Conjugate gradient descent

Manopt.conjugate_gradient_descentFunction
conjugate_gradient_descent(M, f, grad_f, p=rand(M))
conjugate_gradient_descent!(M, f, grad_f, p)
conjugate_gradient_descent(M, gradient_objective, p)
conjugate_gradient_descent!(M, gradient_objective, p; kwargs...)

perform a conjugate gradient based descent-

\[p_{k+1} = \operatorname{retr}_{p_k} \bigl( s_kδ_k \bigr),\]

where $\operatorname{retr}$ denotes a retraction on the Manifold M and one can employ different rules to update the descent direction $δ_k$ based on the last direction $δ_{k-1}$ and both gradients $\operatorname{grad}f(x_k)$,$\operatorname{grad} f(x_{k-1})$. The Stepsize $s_k$ may be determined by a Linesearch.

Alternatively to f and grad_f you can provide the AbstractManifoldFirstOrderObjective gradient_objective directly.

Available update rules are SteepestDescentCoefficientRule, which yields a gradient_descent, ConjugateDescentCoefficient (the default), DaiYuanCoefficientRule, FletcherReevesCoefficient, HagerZhangCoefficient, HestenesStiefelCoefficient, LiuStoreyCoefficient, and PolakRibiereCoefficient.
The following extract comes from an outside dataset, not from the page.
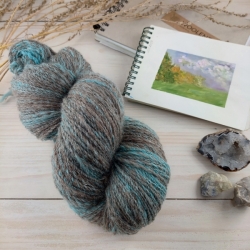 Hand Spun Wool Yarn #2 - blend BFL, merino and alpaca, Woolento, 183g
These can all be combined with a ConjugateGradientBealeRestartRule rule.

They all compute $β_k$ such that this algorithm updates the search direction as

\[δ_k=\operatorname{grad}f(p_k) + β_k \delta_{k-1}\]

Input

  • M::AbstractManifold: a Riemannian manifold $\mathcal M$
  • f: a cost function $f: \mathcal M→ ℝ$ implemented as (M, p) -> v
  • grad_f: the (Riemannian) gradient $\operatorname{grad}f: \mathcal M → T_{p}\mathcal M$ of f as a function (M, p) -> X or a function (M, X, p) -> X computing X in-place
  • p: a point on the manifold $\mathcal M$

Keyword arguments

If you provide the ManifoldFirstOrderObjective directly, the evaluation= keyword is ignored. The decorations are still applied to the objective.

Output

The obtained approximate minimizer $p^*$. To obtain the whole final state of the solver, see get_solver_return for details, especially the return_state= keyword.

source
Manopt.conjugate_gradient_descent!Function
conjugate_gradient_descent(M, f, grad_f, p=rand(M))
conjugate_gradient_descent!(M, f, grad_f, p)
conjugate_gradient_descent(M, gradient_objective, p)
conjugate_gradient_descent!(M, gradient_objective, p; kwargs...)
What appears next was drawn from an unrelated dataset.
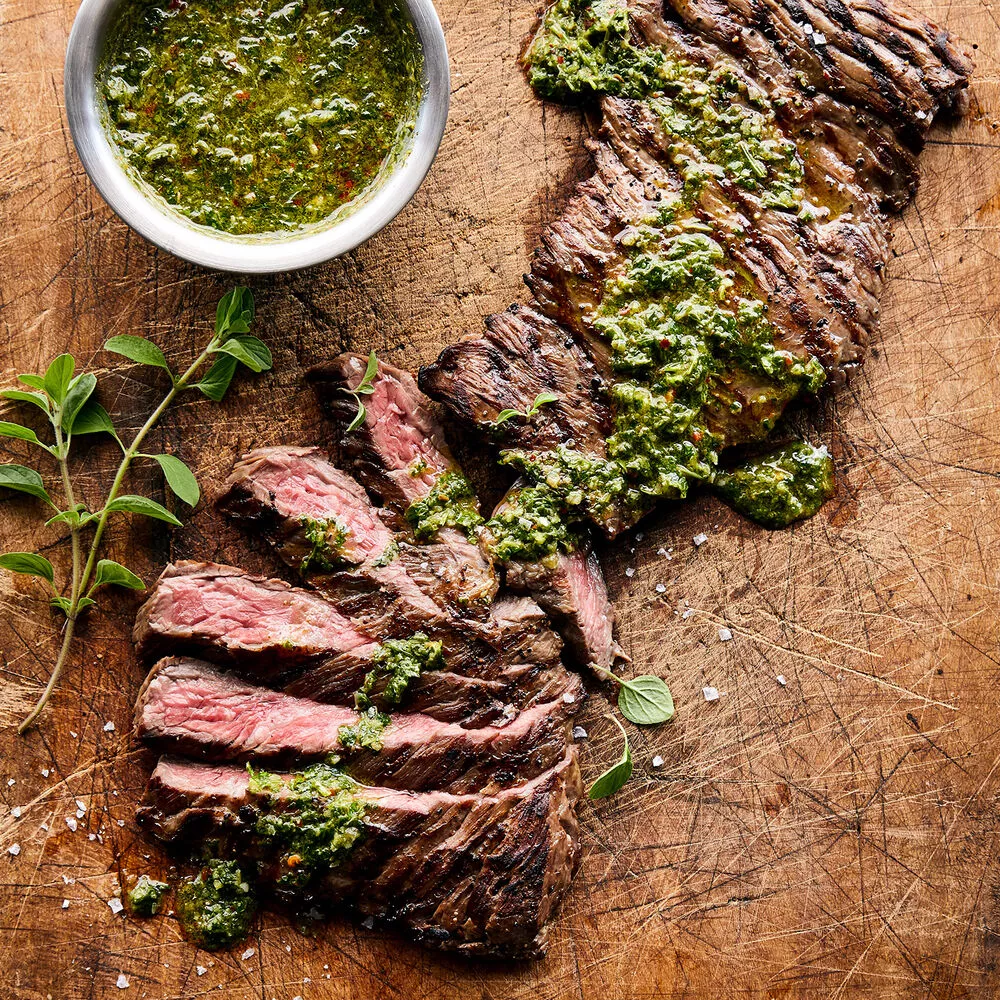 Grilled Flank Steak with Chimichurri Sauce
perform a conjugate gradient based descent-

\[p_{k+1} = \operatorname{retr}_{p_k} \bigl( s_kδ_k \bigr),\]

where $\operatorname{retr}$ denotes a retraction on the Manifold M and one can employ different rules to update the descent direction $δ_k$ based on the last direction $δ_{k-1}$ and both gradients $\operatorname{grad}f(x_k)$,$\operatorname{grad} f(x_{k-1})$. The Stepsize $s_k$ may be determined by a Linesearch.
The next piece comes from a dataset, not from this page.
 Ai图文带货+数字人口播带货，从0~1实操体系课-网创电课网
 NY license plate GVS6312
Alternatively to f and grad_f you can provide the AbstractManifoldFirstOrderObjective gradient_objective directly.

Available update rules are SteepestDescentCoefficientRule, which yields a gradient_descent, ConjugateDescentCoefficient (the default), DaiYuanCoefficientRule, FletcherReevesCoefficient, HagerZhangCoefficient, HestenesStiefelCoefficient, LiuStoreyCoefficient, and PolakRibiereCoefficient. These can all be combined with a ConjugateGradientBealeRestartRule rule.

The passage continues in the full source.